Copy the lines below exactly, starting at the one with "And 5 Pairs" and ending at the one with "サイズ：M カラー：ホワイト系/アイボリー系 万代Net店", and leave out any picture.

# EXERCISE DATA
▬▬▬▬▬▬▬▬▬▬

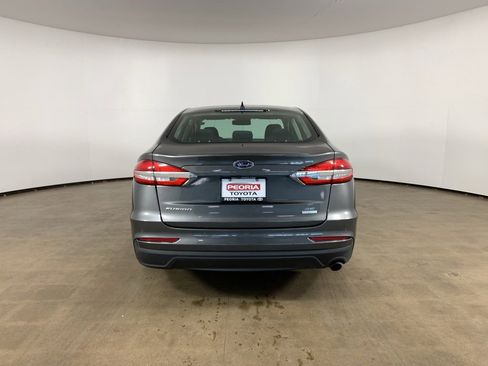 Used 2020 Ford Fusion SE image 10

▬▬▬▬▬▬▬▬▬▬

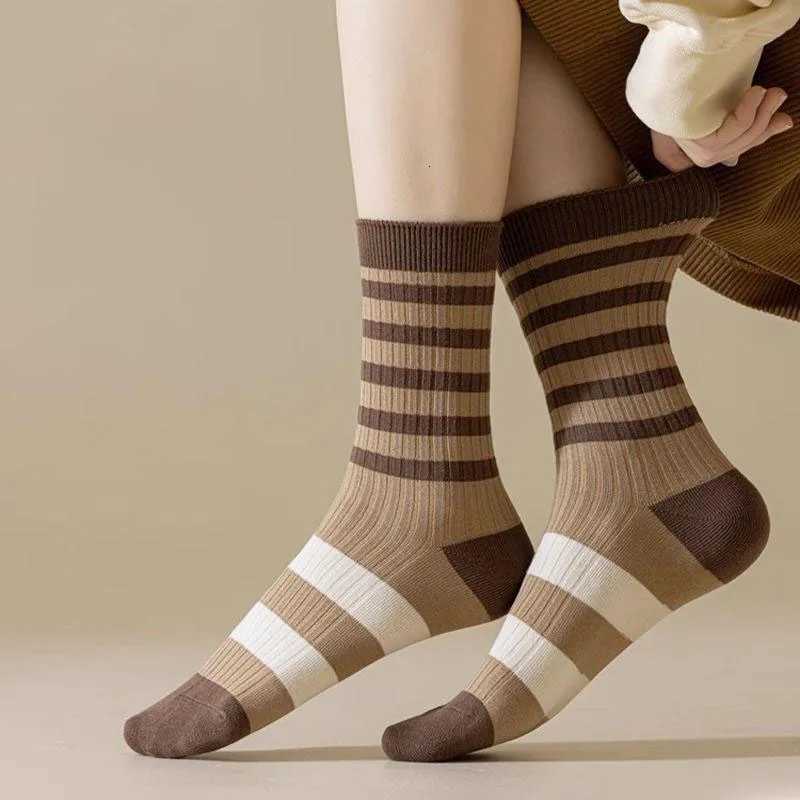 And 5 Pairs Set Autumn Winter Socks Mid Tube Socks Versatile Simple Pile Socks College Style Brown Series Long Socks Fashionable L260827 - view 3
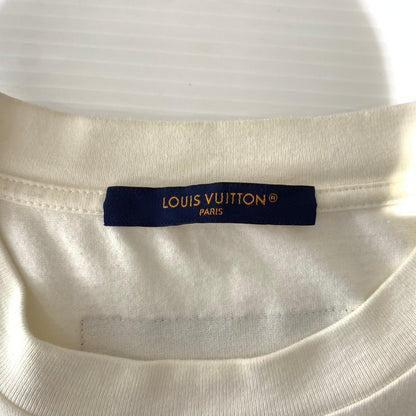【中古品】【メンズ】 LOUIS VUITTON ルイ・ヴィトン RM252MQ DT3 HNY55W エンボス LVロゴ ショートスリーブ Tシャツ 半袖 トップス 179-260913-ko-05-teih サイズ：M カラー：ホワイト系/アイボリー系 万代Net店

▬▬▬▬▬▬▬▬▬▬

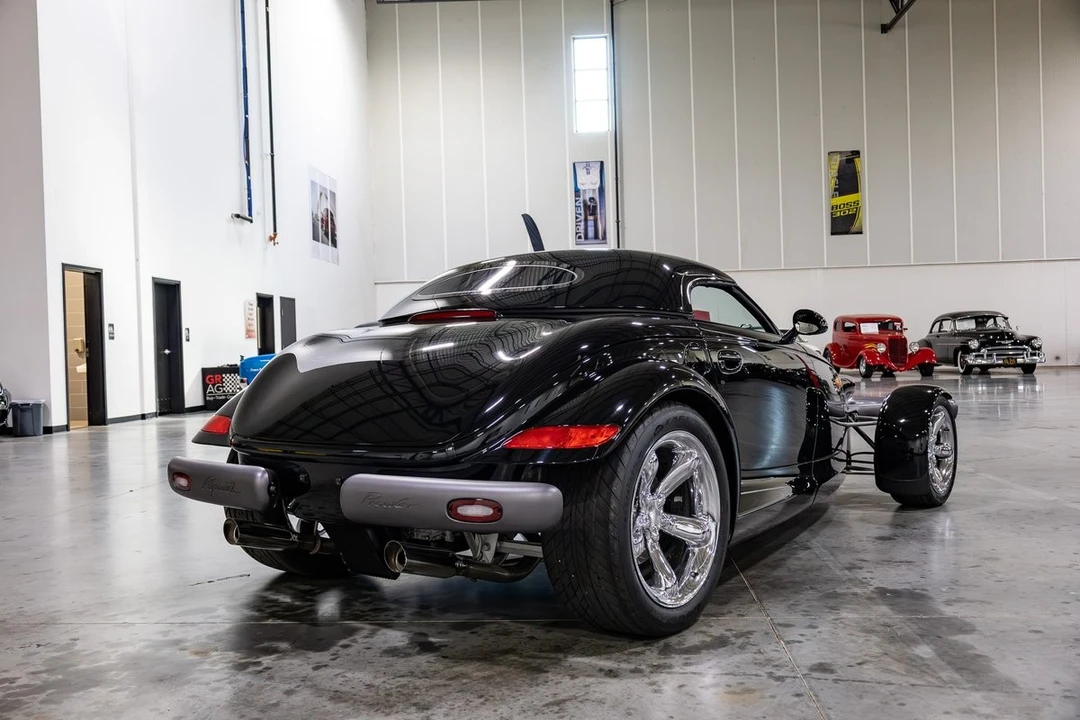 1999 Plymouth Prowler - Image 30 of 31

▬▬▬▬▬▬▬▬▬▬

# RESPONSE BELOW
 And 5 Pairs Set Autumn Winter Socks Mid Tube Socks Versatile Simple Pile Socks College Style Brown Series Long Socks Fashionable L260827 - view 3
【中古品】【メンズ】 LOUIS VUITTON ルイ・ヴィトン RM252MQ DT3 HNY55W エンボス LVロゴ ショートスリーブ Tシャツ 半袖 トップス 179-260913-ko-05-teih サイズ：M カラー：ホワイト系/アイボリー系 万代Net店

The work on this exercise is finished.